A ideia aqui foi destacar as faixas do set que sustentassem minha compreensão da totalidade do álbum como uma obra que busca refletir o arco histórico recente do Brasil. Bocato faz isso de forma contundente, fazendo do jazz um veículo de reflexão política do nosso tempo, algo essencial para os tempos que vivemos. 

Informações técnicas do álbum 

O álbum Bocato Jazz Experience 2022, é composto por 11 faixas inéditas que se costuram numa profunda experiência sonora eletroacústica.

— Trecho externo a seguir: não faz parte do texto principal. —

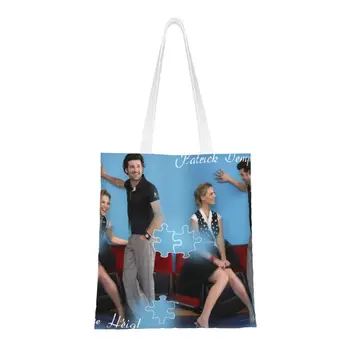 Сумка-тоут Kawaii Grey's Anatomy для покупок, многоразовая сумка для покупок из модного ТВ-шоу, холщовая сумка для покупок через плечо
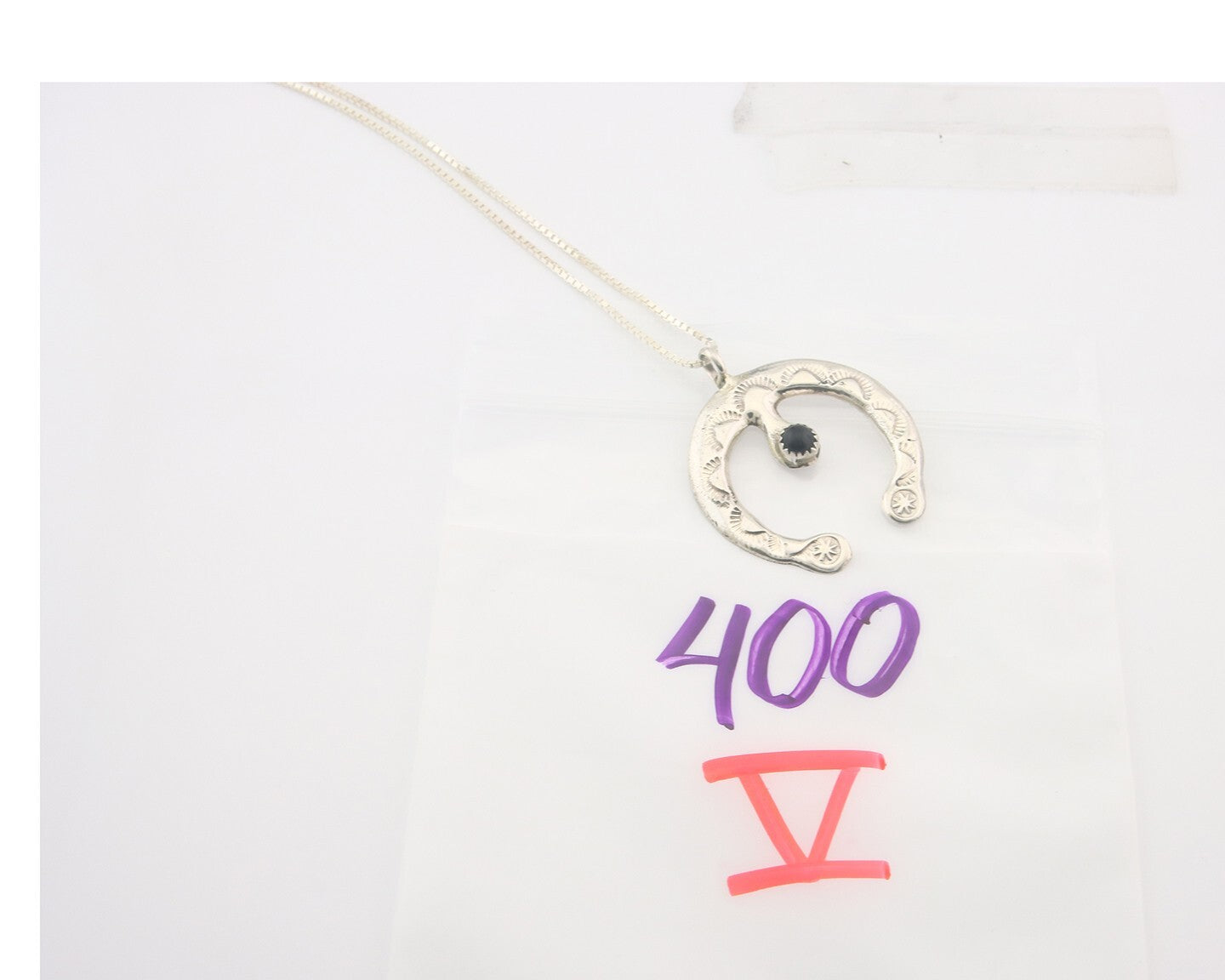 Navajo Sterling Silver Necklace Onyx Sand Cast Authentic Vintage Native American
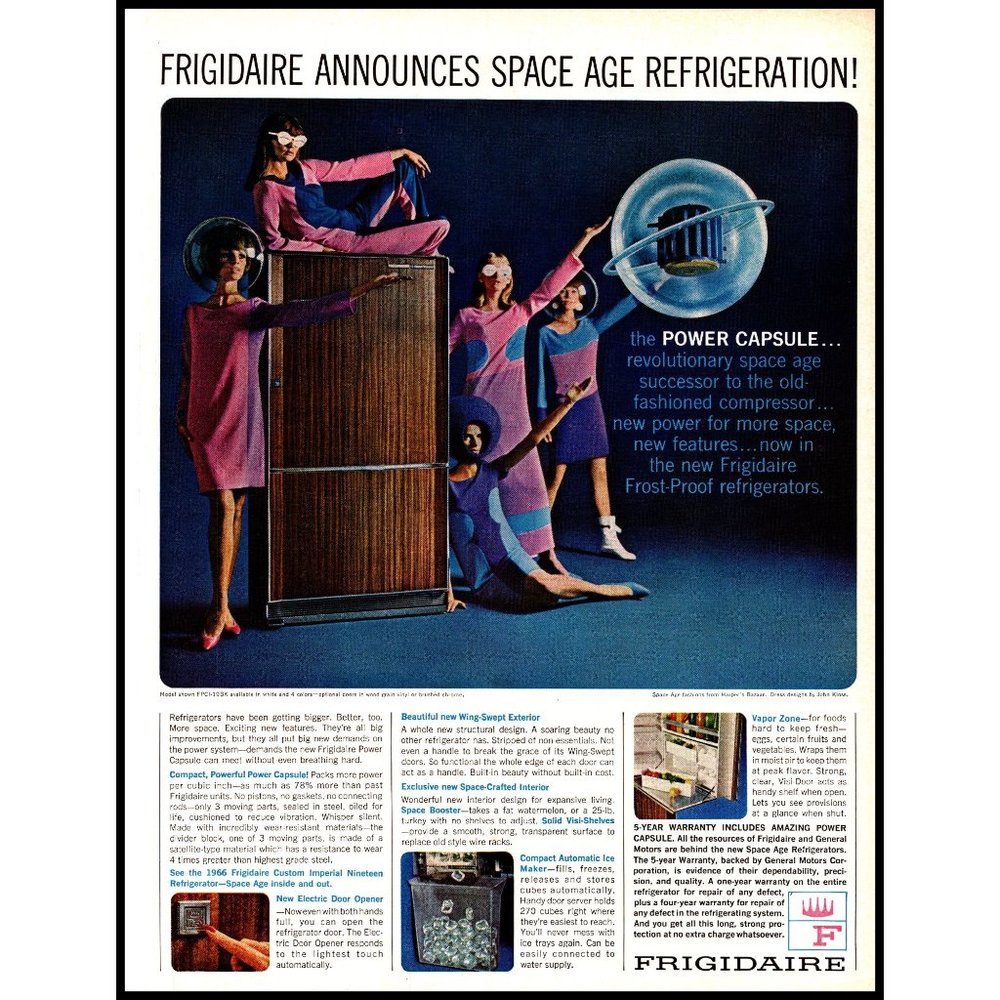 1966 Frigidaire Refrigerator Fridge Space Age Vintage Print Ad Wood Grain Photo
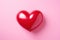 Glossy Red Heart on Monochromatic Pink Backdrop. Love and Valentine\\\'s Day Concept. Generative Ai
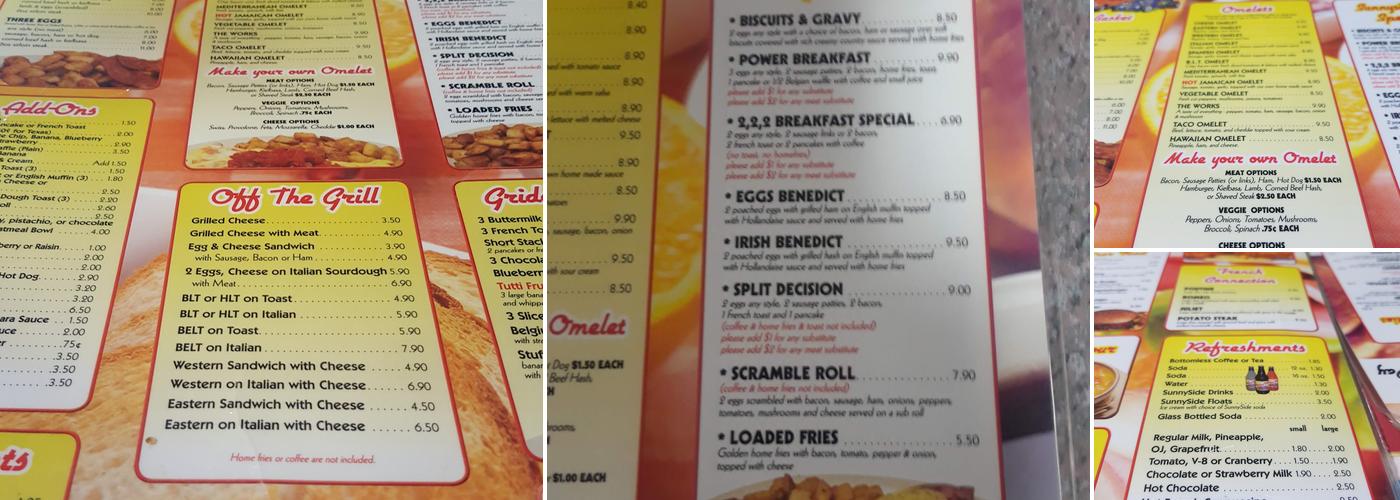 Sunnyside Diner Menu
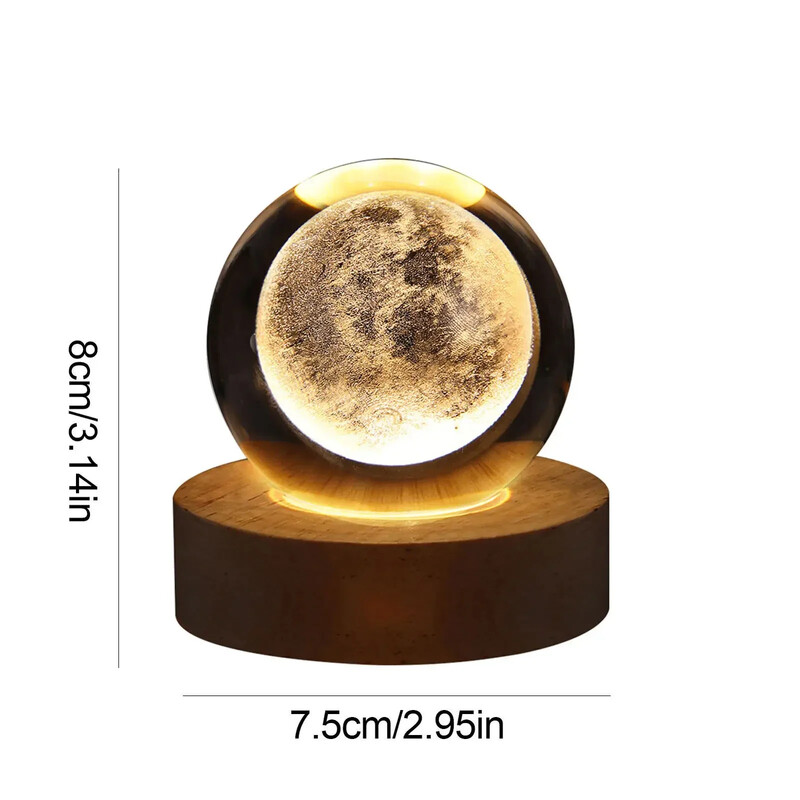 Lampă de masă LED cu bile de cristal cu lumină de noapte USB 3D Moon Planet Galaxy Decor pentru acasă Lampă de masă Jucării de petrecere pentru copii Adulti Cadouri de Crăciun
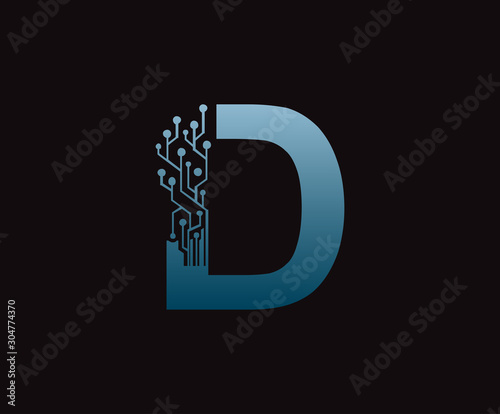 Digital D Letter Network  Data Logo Icon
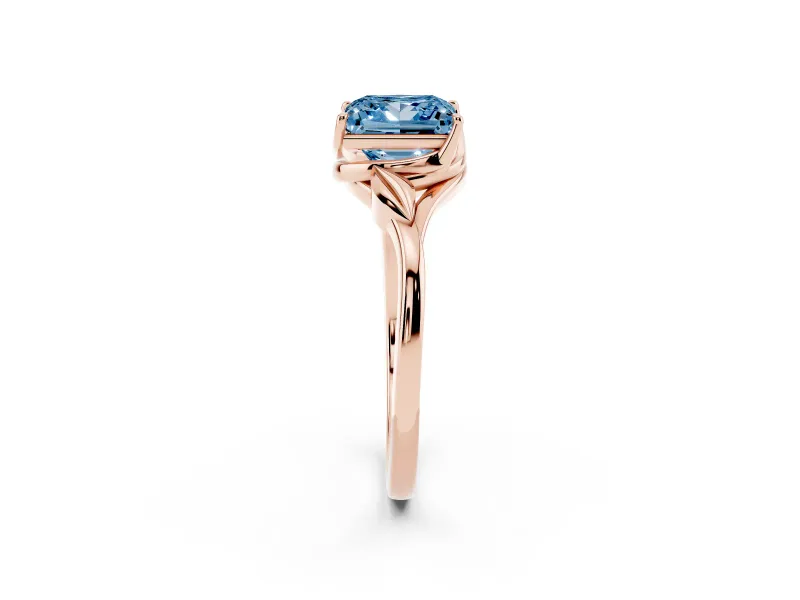 Princess Cut Leaf Bypass Solitaire Engagement Ring Setting for a Fancy Blue Lab-Grown Diamond | Rose Gold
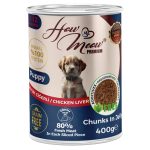 12 Adet How Meow Parça Yavru Köpek Konservesi Tavuk Ciğerli 400 g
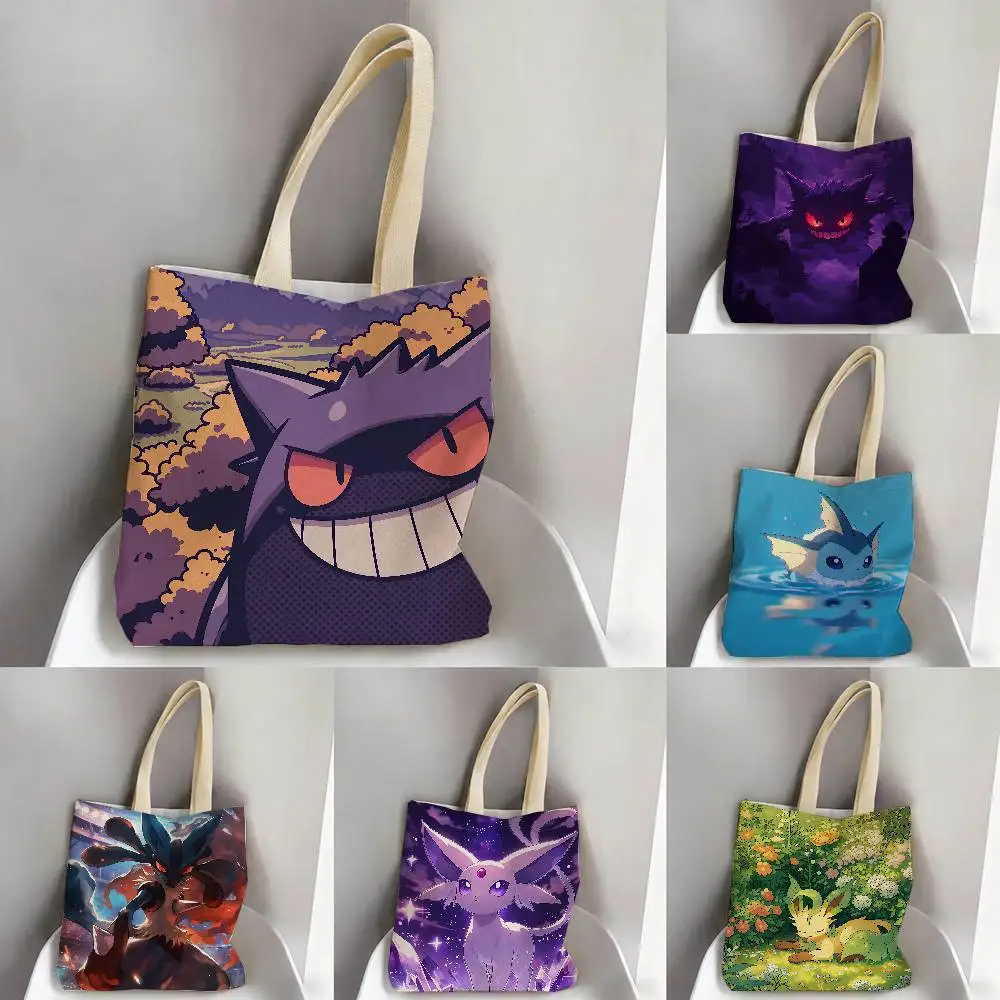 bolsas-de-armazenamento-pokemon-treecko-bolsa-de-ombro-para-viagem-verao-praia-sacola-reutilizavel-para-compras-arte-de-anime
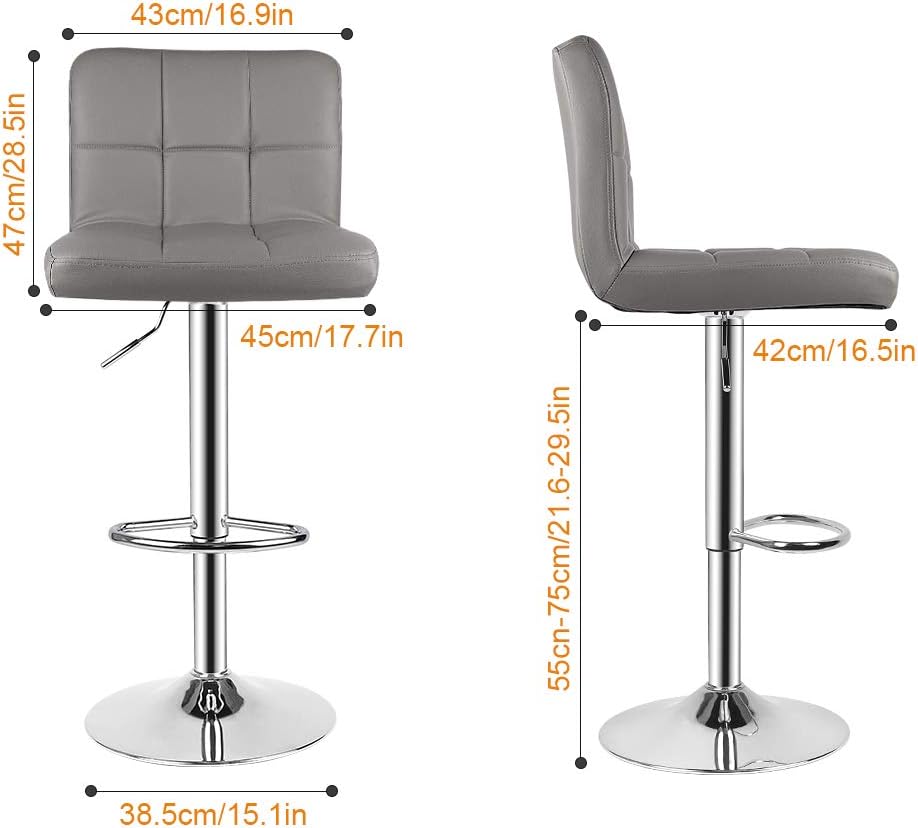 Detalle de bigzzia 3 Bar Stool Set of 2, Adjustable Grey Faux Leather Swivel Chairs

Bocato conversa com o fazer musical contemporâneo e ousa voos na música eletrônica onde os instrumentos convencionais ganham novos timbres e características digitais.

Bocato lidera um grupo de músicos conceituadíssimos da cidade de São Paulo, Eliezer na guitarra, Gilberto Pinto no contrabaixo, Fernando Amaro na bateria, Luis Cláudio Faria no trompete, e participações de Felipe Lamoglia saxofonista cubano, Denis Lisboa na percussão, Igor Bollos na guitarra e Jackson Silva no contrabaixo, além de incursões da poesia cortante de Daisy Coelho.

O disco foi gravado, mixado e masterizado por Ricardo Passini no estúdio O Instituto. A arte da capa é de Marina Laet e a produção de Caru Laet.

Este projeto é uma contrapartida ao Prêmio por Histórico de Realização em Música, pelo Edital ProAC Expresso Lei Aldir Blanc 2021, por meio da Secretaria de Cultura e Economia Criativa do Estado de São Paulo.